“Oh, I forgot! I’ll run get you one immediately. I’m so sorry, Mother.”
Josie smiled. Mary always forgot the paper on Saturday afternoon and Mrs. Leslie never forgot to ask her about it.
“I have the early edition,” Josie called from her room. “Don’t go out again, Mary. It’s rather rumpled but I guess I can smooth it out.”
Josie reached for the afternoon paper and began straightening it out just as Mrs. Leslie appeared at the half opened door of the bed room. The girl was astonished to find that there was a parcel of some sort wrapped within the folds of the paper. It dropped out on the bed and then slipped to the floor. Mrs. Leslie stepped forward and stooped to pick it up but Josie, ever quick and agile, was before her. The tissue paper package tore and disclosed a crumpled mass of filmy lace and, gleaming through its folds, a golden mesh purse.
“What is that?” demanded Mrs. Leslie sharply.
“I’m sure I don’t know. It seemed to be wrapped up in the afternoon paper which has been reposing in my pocket all afternoon,” said Josie, coolly. “How it got there I’ll leave you to find out. I must hurry out again as I find I have an important matter to attend to.”

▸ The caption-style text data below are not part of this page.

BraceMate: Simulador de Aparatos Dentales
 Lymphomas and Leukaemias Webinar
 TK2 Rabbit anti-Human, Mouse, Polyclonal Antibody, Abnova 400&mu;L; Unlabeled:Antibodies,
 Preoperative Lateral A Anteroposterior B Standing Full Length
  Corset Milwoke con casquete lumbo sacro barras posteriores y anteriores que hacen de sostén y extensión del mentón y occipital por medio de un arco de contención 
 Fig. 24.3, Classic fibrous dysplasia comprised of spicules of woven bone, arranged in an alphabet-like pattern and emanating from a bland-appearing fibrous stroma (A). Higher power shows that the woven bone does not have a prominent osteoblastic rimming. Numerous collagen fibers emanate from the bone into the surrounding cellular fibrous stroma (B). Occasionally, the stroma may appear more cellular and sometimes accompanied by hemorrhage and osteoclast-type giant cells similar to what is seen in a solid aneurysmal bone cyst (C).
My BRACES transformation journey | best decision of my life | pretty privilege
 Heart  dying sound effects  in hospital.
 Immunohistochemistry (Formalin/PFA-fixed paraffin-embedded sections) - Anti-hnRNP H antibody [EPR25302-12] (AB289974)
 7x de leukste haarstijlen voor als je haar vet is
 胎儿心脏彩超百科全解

Josie’s quick eye had recognized a Burnett & Burnett tag on the purse and her quicker mind had traveled like lightning back to the time Miss Fauntleroy had angrily twisted the paper and cast it in the old beggar’s basket. Then she remembered how loath the old woman had been to let her buy that particular paper.
She stuffed the parcel of lace in her pocket, placed the delicately wrought mesh bag in her own purse, and without waiting to hear what Mrs. Leslie had to say she hurried into the street and hailed a passing taxi.